Winter 1999, Volume 16.2

Essay

photo of Judy Brenneman.

Judy Fort Brenneman

When You Stop Counting

 Judy Fort Brenneman, from Fort Collins, Colorado, is a writer and consultant in business communications as well as a mom and fiction/essay writer. Her story "Interior Design" won first place in MileHiCon’s Stories from the Great Unknowns contest. She is an alumna of the Desert Writers Workshop, Moab, Utah, and a graduate of Case Western Reserve University.



The first time you go, you’re a little scared, a little nervous, but excited, too, kind of like your very first day of school, when you wore new shoes and a new dress and your mom took extra time in the morning to make sure you ate all your breakfast and told you that you looked just fine and held your hand while she walked you to the bus.

When you get there, you sit on the tiny chair, your grown-up knees bent up to your waist or higher. You and the teacher smile at each other across your knees, across the blond formica tabletop where folders and samples of work are stacked.

You listen as the teacher tells you things about your child you thought you already knew. Things you thought were just growing up things, adjusting to school things. Things you thought were normal.

When you hear the teacher say that your child loves to play with Legos, you smile. You smile because this is something you know, something you take pride in, because he’s only five and already he’s building ships and planes and castles with strange names and none of the other five-year-olds you’ve met can do that. You listen as the teacher says Legos, yes, and he plays with them longer than any of the other children, but gets up-set when it’s time to do something else, when it’s time to put the Legos away. You watch her say the word up-set, noticing how the space between her eyebrows wrinkles. You pull out your daytimer to use like a notebook, jotting down "Lego’s, upset," to show the teacher that you’re listening. You look up from your daytimer and smile, pen poised above the small striped pages.

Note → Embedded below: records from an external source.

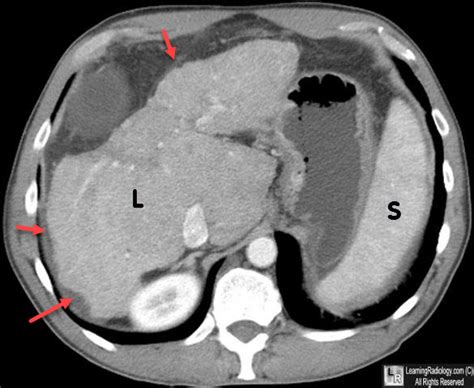 Learning Radiology - Cirrhosis, imaging, ascites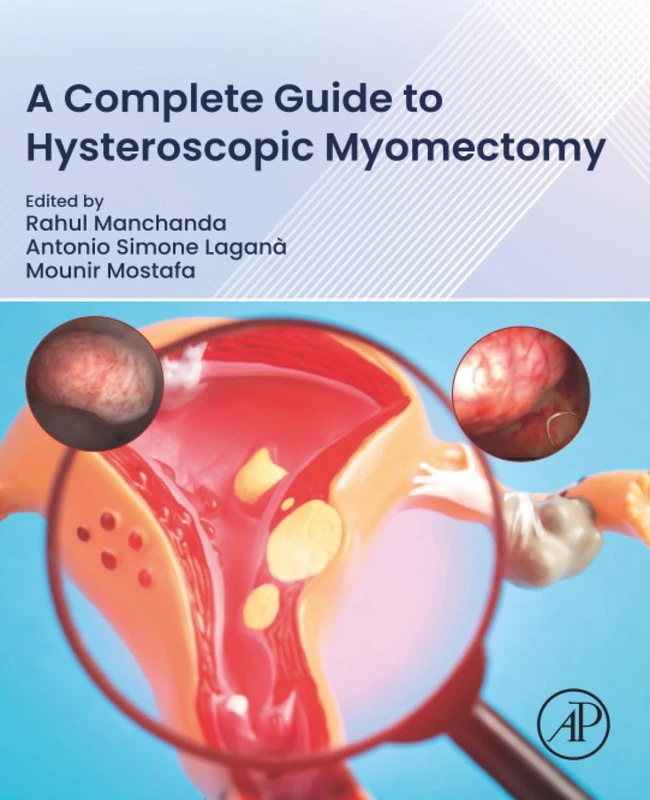 A Complete Guide to Hysteroscopic Myomectomy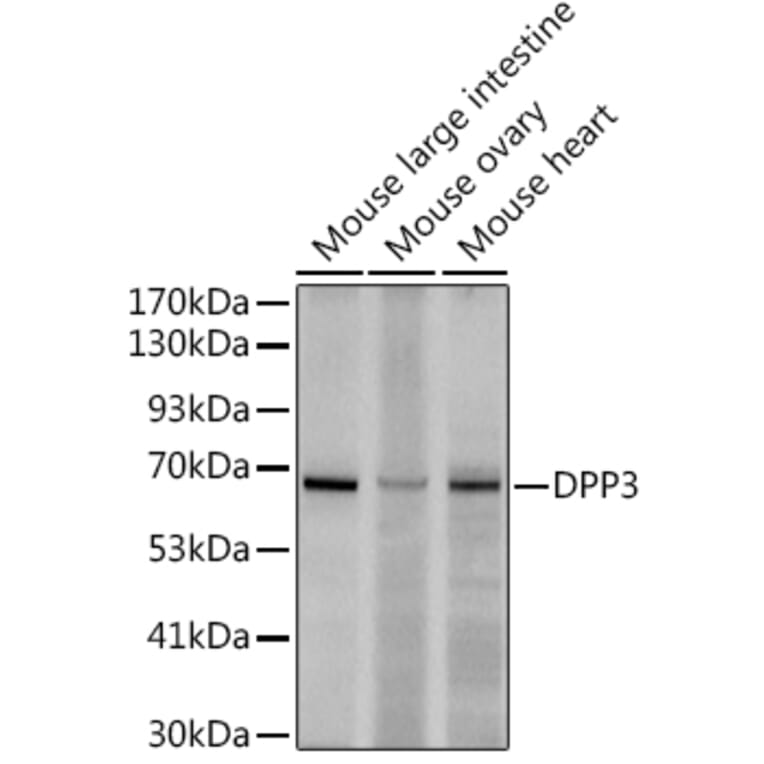 Western Blot - Anti-DPP3 Antibody [ARC2778] (A308406) - Antibodies.com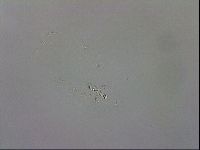 Minibiotus aculeatus image
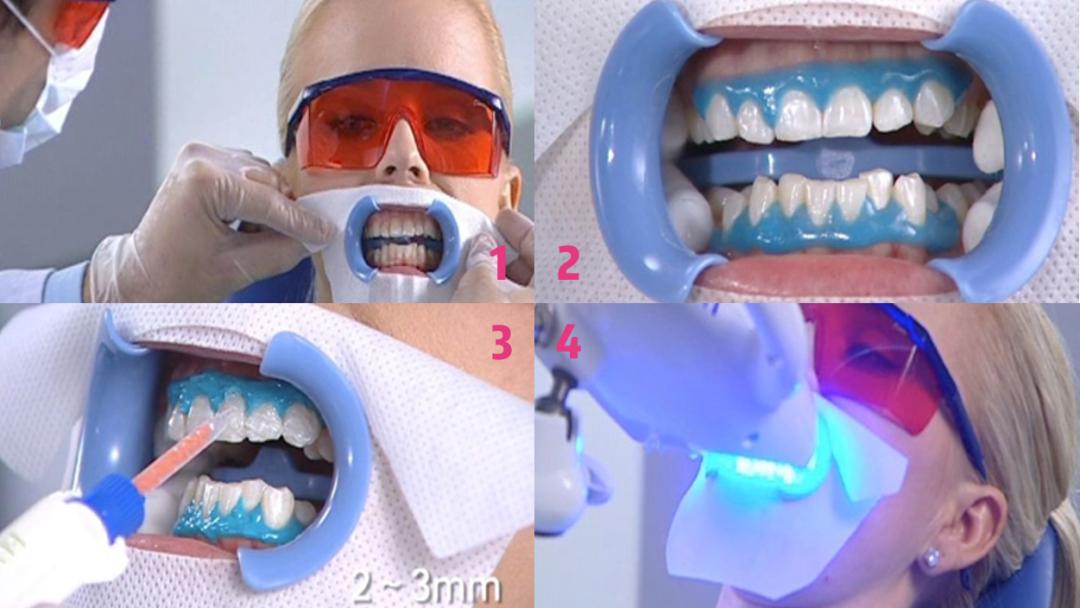 冷光美白牙齿危害亲身经历,牙齿美白科普篇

The teacher rests her hand on the work folders and taps the stack with her forefinger. Her fingernail makes little tap-tap-tap sounds. When he gets up-set, she says, emphasizing the word with an extra tap, he gets very angry. This, too, is something you already know. You nod your head, sympathetic to her problem. You tell her the things you do at home to ease the transition from one task to the next, to circumvent the temper tantrums.

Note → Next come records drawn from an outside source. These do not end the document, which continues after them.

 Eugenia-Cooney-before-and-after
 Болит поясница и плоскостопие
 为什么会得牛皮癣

You tell her that he really likes school, really likes her, even though you don’t know that for sure.

You nod your head and take notes as she tells you that he has a hard time socializing with other children. Does not play well with others, you write in the daytimer. Fights during recess, you write.

When she opens his work folder, you gaze at bright colors and lumpy shapes on the first page. The page is from art class. You listen as the teacher tells you the story your child says goes with the picture. The story has many characters and lots of action. The action seems to center on this shape—a rocket ship—shooting death rays at that shape—it’s a house, with stick figures standing out front, arms raised overhead, big stick smiles on their faces. You grin a proud-parent grin, a grin that lets the teacher know you’re proud of your child’s obvious creative talent. The teacher looks closely at you, her eyebrows wrinkling again. She asks if there’s a problem at home that she should know about. You stop smiling and say no. You reach for the picture and as you almost touch it, the teacher, who isn’t watching, turns it over.

The paper underneath is arithmetic. He’s very good at math, she says. You nod, cautious now, because you think you see a pattern: all the things you knew and thought were good are actually bad. You peek at the math paper. All the threes are backwards, the fives are lopsided and look like twos. Or maybe they are twos. You can tell from their shape that they’ve been drawn from the bottom up. The teacher taps her fingernail on the top row of problems. He’s very good at math, she says again. We don’t worry about the handwriting at this age. You’re worried anyway, but you nod your head and write math in the daytimer. You don’t tell her about your brother who still writes backwards threes and lopsided fives, who still labors with a pencil like a stonecutter with a chisel.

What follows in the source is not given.